Output each line of the data below exactly, omitting any image.

Data provided |

Content starts

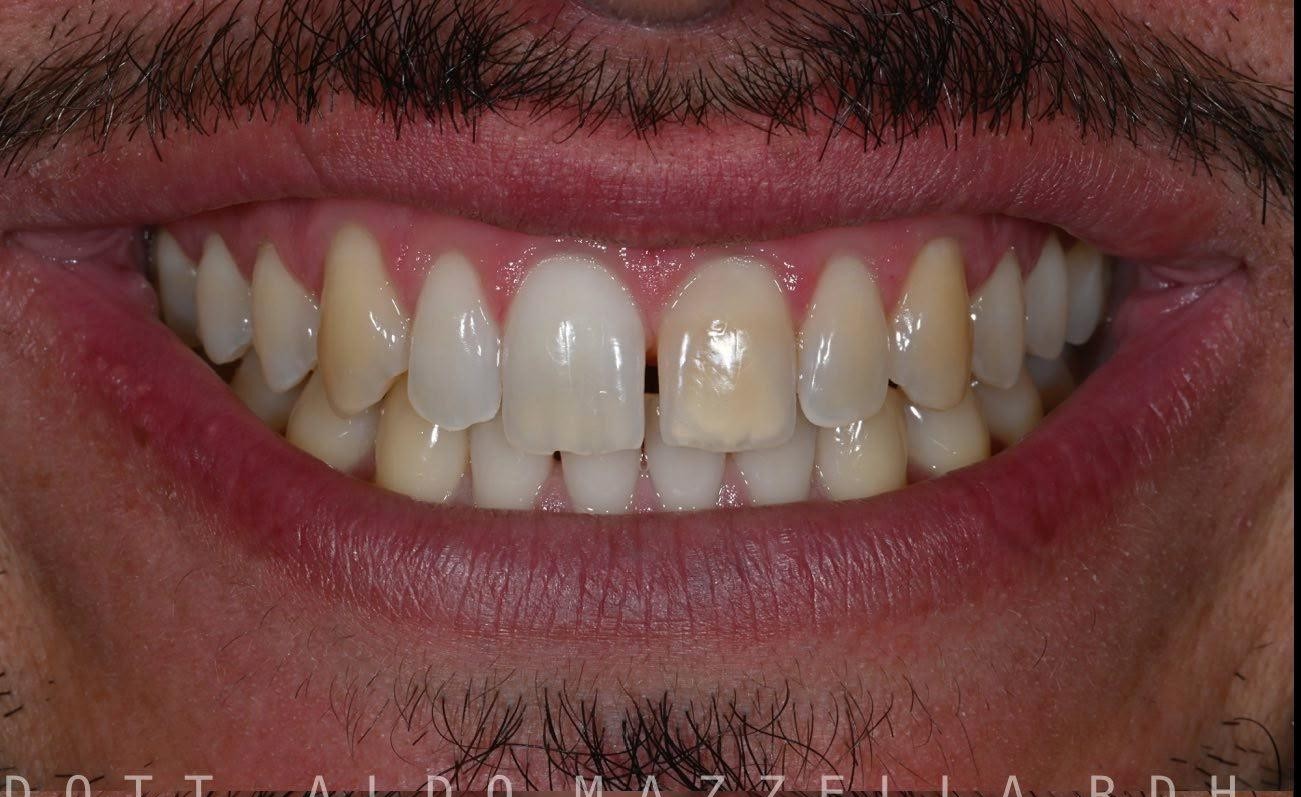 Avant / Après — après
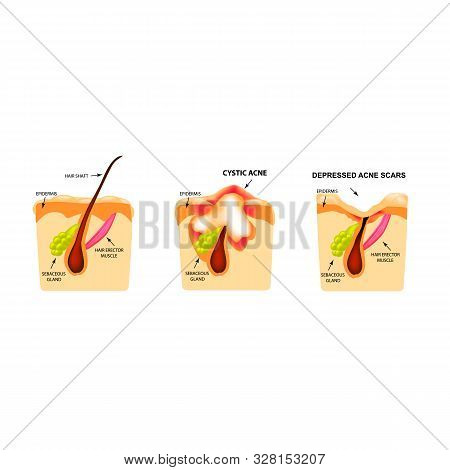 Comedones, Inflamed Acne, Cysts. Inflamed Pimples. The Structure Of The Skin. Scar Acne And Pimples.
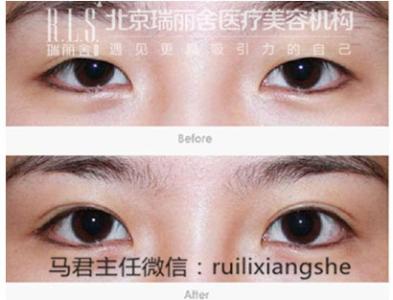 济南开内眼角手术价格 开眼角手术价格 2014开眼角手术价格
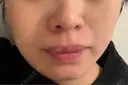 ピーリング（ニキビ・毛穴） Clara CLINIC 美容皮膚科・歯科 DAY 0 サムネイル用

Content ends

Answer space |
 Avant / Après — après
 Comedones, Inflamed Acne, Cysts. Inflamed Pimples. The Structure Of The Skin. Scar Acne And Pimples.
 济南开内眼角手术价格 开眼角手术价格 2014开眼角手术价格
 ピーリング（ニキビ・毛穴） Clara CLINIC 美容皮膚科・歯科 DAY 0 サムネイル用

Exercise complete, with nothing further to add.